Readit News logoReadit News
PeterStuer · a month ago
I always found hammering attacks to be extremely satisfying, even from a meta-physical pov.

You escape a closed virtual universe by not "breaking out" in the tradidional sense, exploiting some bug in the VM hypervisor's boundary itself, but by directly manipulating the underlying physics of the universe on wich the virtual universe is founded, just by creating a pattern inside the virtual universe itself.

No matter how many virtual digital layers, as long as you can impact the underlying analog substrate this might work.

Makes you dream there could be an equivalent for our own universe?
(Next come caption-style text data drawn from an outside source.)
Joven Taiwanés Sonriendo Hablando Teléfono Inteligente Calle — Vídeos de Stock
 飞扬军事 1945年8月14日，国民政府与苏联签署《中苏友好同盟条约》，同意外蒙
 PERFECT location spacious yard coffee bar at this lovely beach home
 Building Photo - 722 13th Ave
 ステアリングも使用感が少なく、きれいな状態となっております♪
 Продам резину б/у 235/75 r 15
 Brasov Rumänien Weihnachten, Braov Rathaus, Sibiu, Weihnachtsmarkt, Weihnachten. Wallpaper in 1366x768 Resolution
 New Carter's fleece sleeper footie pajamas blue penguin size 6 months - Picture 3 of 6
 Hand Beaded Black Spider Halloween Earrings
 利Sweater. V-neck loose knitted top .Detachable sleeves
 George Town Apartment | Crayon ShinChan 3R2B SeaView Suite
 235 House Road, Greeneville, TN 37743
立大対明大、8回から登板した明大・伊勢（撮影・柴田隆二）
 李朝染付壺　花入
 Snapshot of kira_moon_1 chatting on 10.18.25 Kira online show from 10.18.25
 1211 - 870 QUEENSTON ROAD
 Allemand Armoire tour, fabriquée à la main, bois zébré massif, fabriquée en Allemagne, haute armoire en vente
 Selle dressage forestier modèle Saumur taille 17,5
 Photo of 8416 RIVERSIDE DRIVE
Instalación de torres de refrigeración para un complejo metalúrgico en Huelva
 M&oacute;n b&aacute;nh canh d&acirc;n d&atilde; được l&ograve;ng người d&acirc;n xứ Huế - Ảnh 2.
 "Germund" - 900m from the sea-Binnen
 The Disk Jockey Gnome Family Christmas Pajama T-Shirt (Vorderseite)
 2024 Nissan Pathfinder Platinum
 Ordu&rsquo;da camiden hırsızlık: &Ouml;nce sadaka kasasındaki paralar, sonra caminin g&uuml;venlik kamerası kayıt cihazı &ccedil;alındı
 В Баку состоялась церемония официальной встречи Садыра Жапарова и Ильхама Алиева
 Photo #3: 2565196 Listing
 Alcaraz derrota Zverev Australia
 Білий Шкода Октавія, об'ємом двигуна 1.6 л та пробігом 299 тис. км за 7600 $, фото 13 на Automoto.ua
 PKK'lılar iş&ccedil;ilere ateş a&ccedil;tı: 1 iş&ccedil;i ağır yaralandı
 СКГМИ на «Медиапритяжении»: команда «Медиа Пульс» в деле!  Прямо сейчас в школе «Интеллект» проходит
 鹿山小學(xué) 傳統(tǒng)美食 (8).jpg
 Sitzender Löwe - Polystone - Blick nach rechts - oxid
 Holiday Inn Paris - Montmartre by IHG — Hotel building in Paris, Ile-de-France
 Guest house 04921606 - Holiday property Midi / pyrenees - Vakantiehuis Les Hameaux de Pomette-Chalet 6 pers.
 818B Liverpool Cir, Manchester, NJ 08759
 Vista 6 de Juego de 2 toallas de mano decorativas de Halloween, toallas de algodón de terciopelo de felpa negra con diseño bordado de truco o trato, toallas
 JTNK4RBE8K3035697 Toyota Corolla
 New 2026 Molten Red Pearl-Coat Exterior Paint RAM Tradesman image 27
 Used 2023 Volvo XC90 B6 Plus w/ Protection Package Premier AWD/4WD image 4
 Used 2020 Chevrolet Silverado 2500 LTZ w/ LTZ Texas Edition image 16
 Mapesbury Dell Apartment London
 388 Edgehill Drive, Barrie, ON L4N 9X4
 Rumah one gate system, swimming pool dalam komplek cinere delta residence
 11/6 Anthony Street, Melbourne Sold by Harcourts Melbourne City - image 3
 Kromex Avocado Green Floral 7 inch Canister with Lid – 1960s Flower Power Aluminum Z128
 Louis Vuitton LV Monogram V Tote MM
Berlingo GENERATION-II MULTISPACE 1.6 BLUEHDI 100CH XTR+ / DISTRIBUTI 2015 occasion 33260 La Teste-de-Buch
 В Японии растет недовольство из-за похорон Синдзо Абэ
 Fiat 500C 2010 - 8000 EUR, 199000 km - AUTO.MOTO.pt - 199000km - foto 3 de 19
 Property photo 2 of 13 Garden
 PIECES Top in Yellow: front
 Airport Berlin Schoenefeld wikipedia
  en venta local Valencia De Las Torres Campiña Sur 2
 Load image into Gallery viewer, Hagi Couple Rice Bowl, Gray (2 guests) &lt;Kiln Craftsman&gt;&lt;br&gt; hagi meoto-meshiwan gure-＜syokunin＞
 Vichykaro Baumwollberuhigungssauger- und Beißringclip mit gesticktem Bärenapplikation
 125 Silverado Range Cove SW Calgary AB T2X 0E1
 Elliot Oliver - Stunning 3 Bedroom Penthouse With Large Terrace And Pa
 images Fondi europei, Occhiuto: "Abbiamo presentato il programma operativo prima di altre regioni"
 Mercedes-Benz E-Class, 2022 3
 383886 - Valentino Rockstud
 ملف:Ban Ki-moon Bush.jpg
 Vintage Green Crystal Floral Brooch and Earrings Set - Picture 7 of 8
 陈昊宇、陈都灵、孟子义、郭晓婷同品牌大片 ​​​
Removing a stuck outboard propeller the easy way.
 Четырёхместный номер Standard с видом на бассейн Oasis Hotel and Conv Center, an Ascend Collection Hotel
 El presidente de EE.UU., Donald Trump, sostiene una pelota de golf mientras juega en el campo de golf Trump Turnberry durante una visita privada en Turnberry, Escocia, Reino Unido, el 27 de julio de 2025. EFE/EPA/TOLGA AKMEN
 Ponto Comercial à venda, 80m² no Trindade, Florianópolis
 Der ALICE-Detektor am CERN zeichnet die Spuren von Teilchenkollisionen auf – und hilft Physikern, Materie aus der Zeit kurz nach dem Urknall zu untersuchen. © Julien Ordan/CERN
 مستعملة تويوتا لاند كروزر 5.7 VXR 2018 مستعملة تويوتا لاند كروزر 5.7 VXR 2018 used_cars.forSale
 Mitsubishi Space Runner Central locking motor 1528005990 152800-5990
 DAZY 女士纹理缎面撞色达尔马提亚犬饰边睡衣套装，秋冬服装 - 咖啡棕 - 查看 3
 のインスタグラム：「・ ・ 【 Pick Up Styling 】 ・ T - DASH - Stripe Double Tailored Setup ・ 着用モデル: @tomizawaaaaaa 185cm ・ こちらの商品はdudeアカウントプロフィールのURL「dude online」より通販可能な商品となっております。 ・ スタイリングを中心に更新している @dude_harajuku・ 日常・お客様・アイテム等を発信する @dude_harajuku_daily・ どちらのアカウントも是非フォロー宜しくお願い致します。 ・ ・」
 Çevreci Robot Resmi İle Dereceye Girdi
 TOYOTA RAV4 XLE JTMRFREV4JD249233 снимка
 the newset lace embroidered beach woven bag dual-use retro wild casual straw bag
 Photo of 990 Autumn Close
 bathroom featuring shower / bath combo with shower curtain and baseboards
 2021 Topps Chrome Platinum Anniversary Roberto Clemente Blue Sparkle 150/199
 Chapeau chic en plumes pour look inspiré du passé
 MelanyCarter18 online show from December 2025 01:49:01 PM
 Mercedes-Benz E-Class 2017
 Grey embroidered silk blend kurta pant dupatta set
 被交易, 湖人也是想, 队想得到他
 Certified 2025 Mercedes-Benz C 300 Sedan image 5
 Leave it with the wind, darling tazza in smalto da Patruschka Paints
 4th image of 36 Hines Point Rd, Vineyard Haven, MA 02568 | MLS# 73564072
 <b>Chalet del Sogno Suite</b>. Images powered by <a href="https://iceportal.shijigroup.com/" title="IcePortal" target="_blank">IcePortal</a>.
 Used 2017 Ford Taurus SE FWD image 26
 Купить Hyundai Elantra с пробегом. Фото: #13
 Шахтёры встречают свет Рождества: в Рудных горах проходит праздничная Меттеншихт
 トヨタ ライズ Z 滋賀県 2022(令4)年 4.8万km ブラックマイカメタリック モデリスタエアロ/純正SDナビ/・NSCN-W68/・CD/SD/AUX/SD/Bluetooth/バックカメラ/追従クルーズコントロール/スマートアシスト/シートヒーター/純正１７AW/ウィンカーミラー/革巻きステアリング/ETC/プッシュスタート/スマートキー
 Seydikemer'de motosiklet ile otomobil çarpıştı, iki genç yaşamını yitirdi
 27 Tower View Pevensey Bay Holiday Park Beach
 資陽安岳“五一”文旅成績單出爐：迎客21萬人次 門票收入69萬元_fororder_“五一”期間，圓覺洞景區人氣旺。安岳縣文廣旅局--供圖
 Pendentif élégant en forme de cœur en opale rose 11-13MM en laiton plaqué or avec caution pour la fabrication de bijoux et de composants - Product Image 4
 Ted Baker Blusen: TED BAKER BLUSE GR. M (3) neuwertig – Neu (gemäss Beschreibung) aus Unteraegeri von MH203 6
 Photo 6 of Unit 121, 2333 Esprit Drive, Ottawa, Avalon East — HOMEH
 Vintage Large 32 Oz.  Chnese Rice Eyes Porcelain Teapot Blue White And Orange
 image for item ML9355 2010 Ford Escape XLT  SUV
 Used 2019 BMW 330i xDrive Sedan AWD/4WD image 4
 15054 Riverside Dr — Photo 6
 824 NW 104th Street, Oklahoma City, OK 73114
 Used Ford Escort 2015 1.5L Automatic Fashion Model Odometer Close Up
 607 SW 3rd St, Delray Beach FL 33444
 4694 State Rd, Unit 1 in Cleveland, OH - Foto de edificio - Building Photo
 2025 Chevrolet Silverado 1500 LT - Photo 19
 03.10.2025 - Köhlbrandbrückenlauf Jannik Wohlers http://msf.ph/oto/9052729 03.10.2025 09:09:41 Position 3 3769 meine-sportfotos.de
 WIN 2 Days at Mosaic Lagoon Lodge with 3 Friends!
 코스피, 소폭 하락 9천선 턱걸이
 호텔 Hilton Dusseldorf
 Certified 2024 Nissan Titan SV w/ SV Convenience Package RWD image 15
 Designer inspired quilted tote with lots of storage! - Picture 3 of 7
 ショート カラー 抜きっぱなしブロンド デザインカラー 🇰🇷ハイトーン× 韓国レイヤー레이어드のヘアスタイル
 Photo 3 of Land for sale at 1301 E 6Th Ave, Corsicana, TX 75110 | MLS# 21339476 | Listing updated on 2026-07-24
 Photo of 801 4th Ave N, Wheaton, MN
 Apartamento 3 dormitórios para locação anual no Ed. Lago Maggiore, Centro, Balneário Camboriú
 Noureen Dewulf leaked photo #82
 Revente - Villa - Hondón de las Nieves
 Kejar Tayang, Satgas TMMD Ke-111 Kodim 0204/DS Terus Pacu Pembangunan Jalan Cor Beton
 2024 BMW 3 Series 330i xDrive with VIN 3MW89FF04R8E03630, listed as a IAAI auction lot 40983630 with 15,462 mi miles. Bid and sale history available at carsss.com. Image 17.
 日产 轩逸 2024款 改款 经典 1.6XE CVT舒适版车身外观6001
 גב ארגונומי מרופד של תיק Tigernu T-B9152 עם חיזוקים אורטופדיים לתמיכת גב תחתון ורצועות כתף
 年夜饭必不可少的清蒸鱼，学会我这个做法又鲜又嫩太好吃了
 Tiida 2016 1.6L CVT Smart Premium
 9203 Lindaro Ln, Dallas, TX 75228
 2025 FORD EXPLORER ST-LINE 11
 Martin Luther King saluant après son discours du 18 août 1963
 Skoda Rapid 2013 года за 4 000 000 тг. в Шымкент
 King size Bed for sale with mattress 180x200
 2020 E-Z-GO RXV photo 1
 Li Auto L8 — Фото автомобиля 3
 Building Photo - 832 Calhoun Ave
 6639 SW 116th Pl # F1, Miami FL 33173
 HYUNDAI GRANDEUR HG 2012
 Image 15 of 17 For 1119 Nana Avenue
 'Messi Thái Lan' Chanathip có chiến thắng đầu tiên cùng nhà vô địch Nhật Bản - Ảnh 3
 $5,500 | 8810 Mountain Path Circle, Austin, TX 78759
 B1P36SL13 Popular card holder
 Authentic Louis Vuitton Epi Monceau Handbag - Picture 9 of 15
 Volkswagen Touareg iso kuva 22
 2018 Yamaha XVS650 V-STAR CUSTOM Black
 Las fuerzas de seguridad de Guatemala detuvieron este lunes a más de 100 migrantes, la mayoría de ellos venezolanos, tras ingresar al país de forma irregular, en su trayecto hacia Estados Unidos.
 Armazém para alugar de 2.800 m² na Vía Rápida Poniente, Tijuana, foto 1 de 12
arduinomancer · a month ago
I tried knocking on my wall 100,000 times and it did indeed cause a disturbance in the neighbouring cell of my apartment

Turns out this whole virtualized house abstraction is a sham

N_Lens · a month ago
Thanks for the sensible chuckle.
queuebert · a month ago
> Makes you dream there could be an equivalent for our own universe?

My idea to attack the simulation is psychological: make our own simulation that then makes its own simulation, and so on all the way down. That will sow doubt in the minds of the simulators that they themselves are a simulation and make them sympathetic to our plight.

nemomarx · a month ago
What if the simulators tell you they're also doing this? It could be turtles all the way up perhaps
lukan · a month ago
"I always found hammering attacks to be extremely satisfying"

On a philosophical level I somewhat agree, but on a practical level I am sad as this likely means reduced performance again.

MangoToupe · a month ago
Only for places where you need security. Many types of computation do not need security.
mrkstu · a month ago
I remember as a kid in the 70’s I first heard about most physical things being empty space.

Walking into a wall a few hundred times may have damaged my forehead almost as much as my trust in science…

Deleted Comment

sneak · a month ago
If we are in a simulation, the number of ways that could be the equivalent of SysRq or control-alt-delete are infinite.

We haven’t even tried many of the simple/basic ones like moving objects at 0.9c.

0cf8612b2e1e · a month ago
To ruin a great joke, particle accelerators do get up to 0.9999+ the speed of light.
mistercow · a month ago
> Makes you dream there could be an equivalent for our own universe?

But would we even notice? As far as we were concerned, it would just be more physics.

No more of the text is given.